START Extracted data
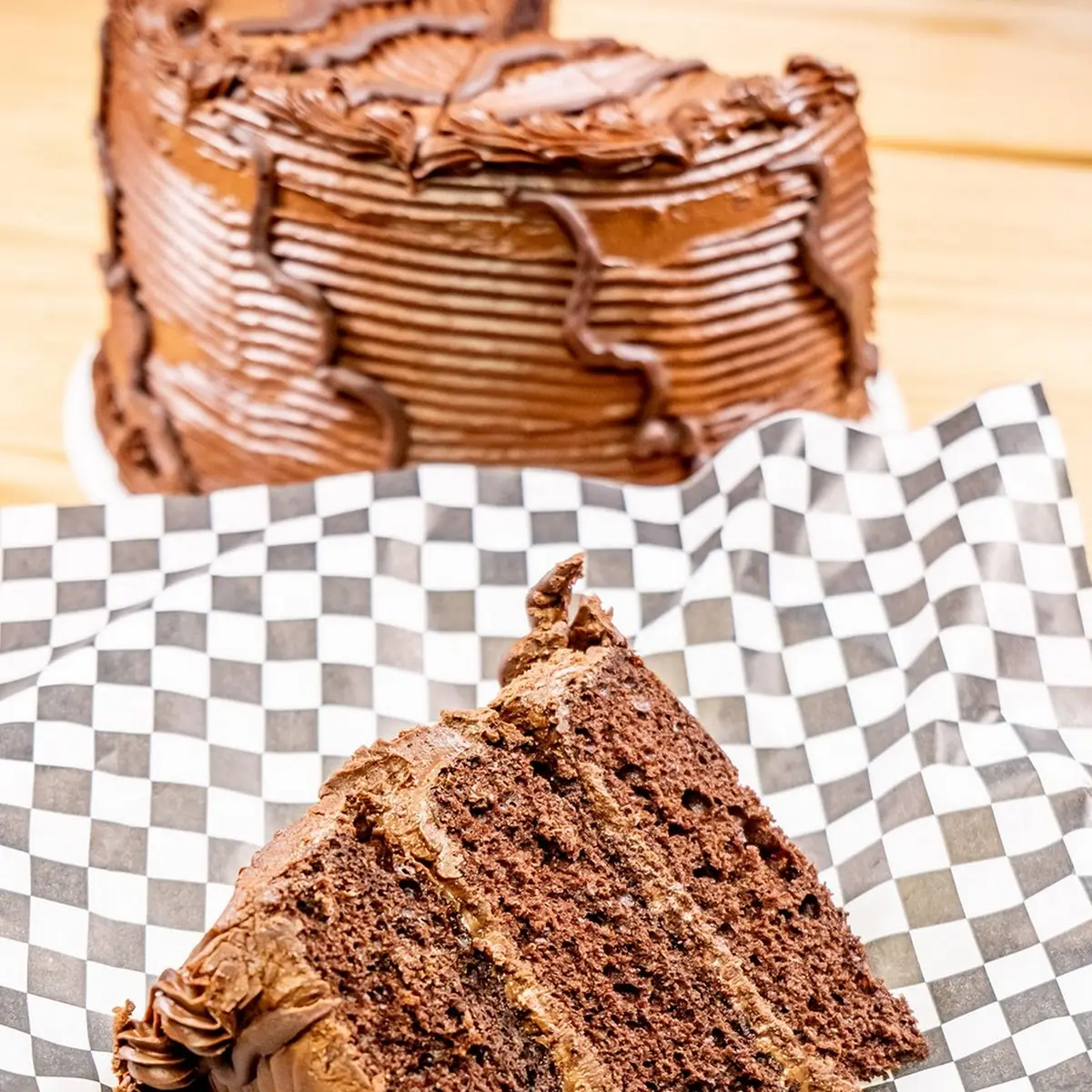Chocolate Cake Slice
END Extracted data
START Extracted data
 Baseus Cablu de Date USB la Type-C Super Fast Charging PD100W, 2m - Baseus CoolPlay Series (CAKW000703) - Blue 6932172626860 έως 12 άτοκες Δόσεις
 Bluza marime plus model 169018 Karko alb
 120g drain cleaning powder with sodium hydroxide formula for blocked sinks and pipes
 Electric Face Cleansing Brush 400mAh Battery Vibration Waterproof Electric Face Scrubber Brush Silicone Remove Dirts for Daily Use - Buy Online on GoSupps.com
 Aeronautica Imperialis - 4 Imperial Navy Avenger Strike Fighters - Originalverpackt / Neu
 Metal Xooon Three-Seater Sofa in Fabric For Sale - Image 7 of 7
END Extracted data
START Extracted data
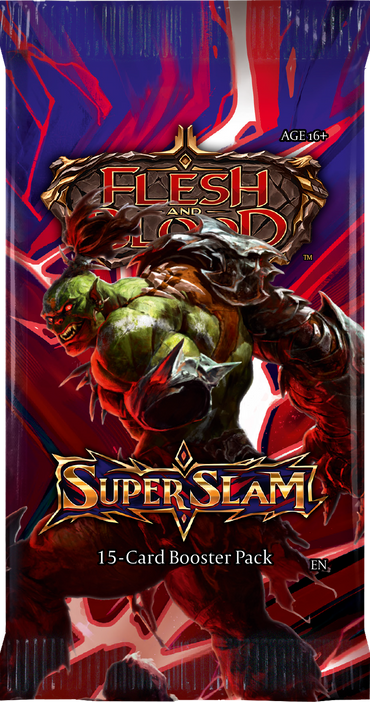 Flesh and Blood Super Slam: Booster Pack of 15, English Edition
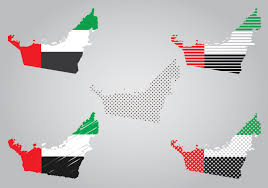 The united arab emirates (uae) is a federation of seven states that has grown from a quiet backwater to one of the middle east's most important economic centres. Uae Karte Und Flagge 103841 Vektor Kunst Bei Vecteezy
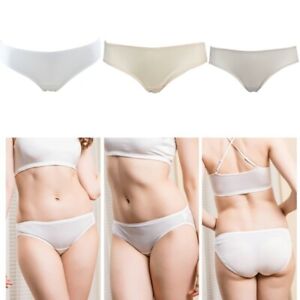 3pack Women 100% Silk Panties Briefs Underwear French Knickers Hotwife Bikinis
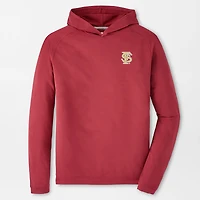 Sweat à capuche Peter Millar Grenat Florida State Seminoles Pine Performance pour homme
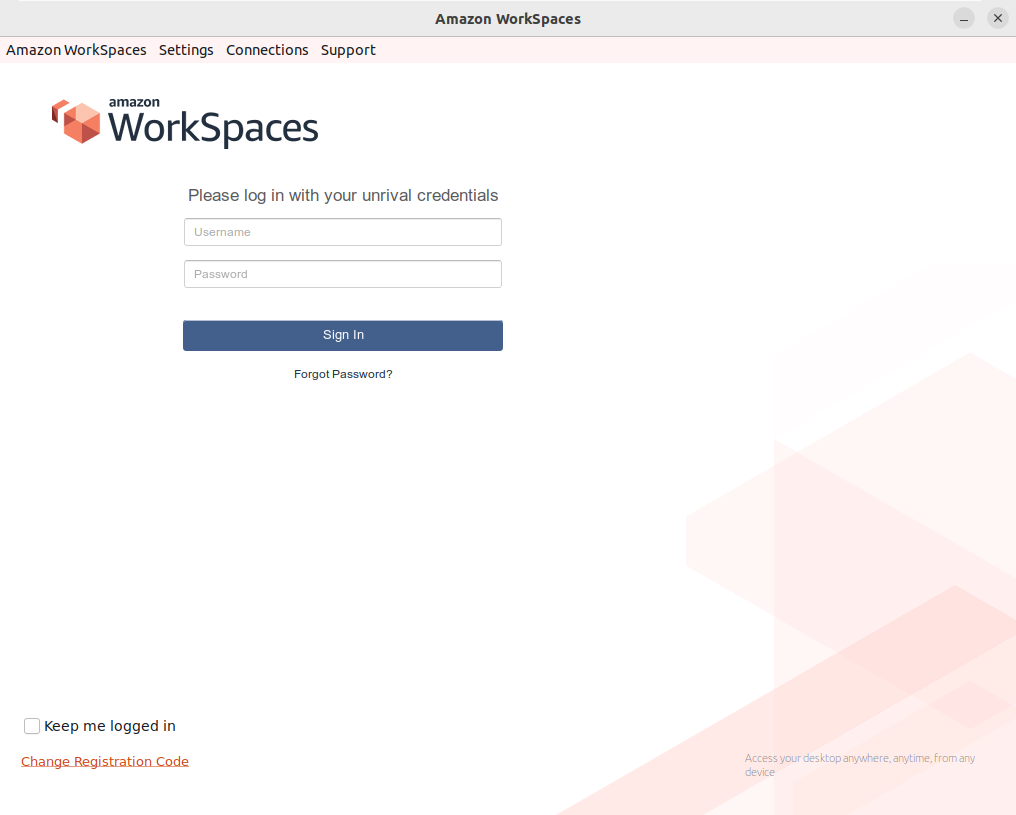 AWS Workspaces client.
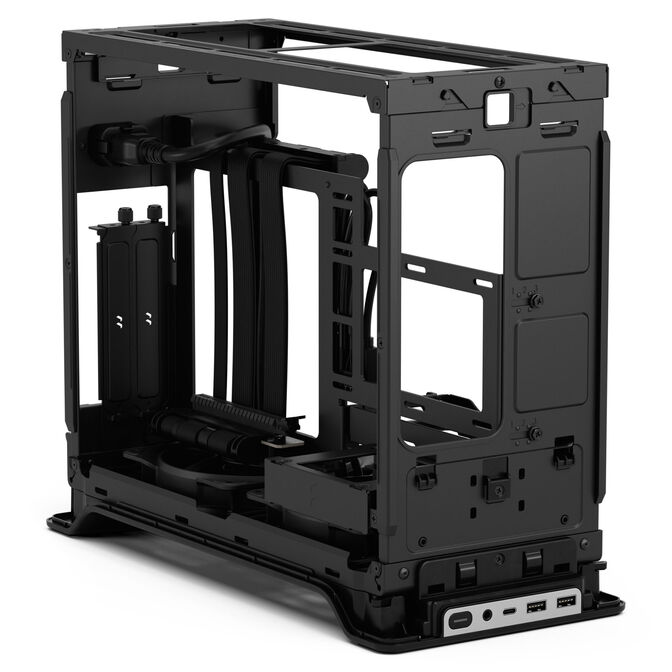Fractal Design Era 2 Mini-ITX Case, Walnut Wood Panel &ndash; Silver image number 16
END Extracted data
▸ Exercise goal: Repeat exactly the lines above from the one with "Bluza marime plus model 169018 Karko alb" up to and including the one with "Metal Xooon Three-Seater". No other line belongs in the reply.

▸ Your solution:
 Bluza marime plus model 169018 Karko alb
 120g drain cleaning powder with sodium hydroxide formula for blocked sinks and pipes
 Electric Face Cleansing Brush 400mAh Battery Vibration Waterproof Electric Face Scrubber Brush Silicone Remove Dirts for Daily Use - Buy Online on GoSupps.com
 Aeronautica Imperialis - 4 Imperial Navy Avenger Strike Fighters - Originalverpackt / Neu
 Metal Xooon Three-Seater Sofa in Fabric For Sale - Image 7 of 7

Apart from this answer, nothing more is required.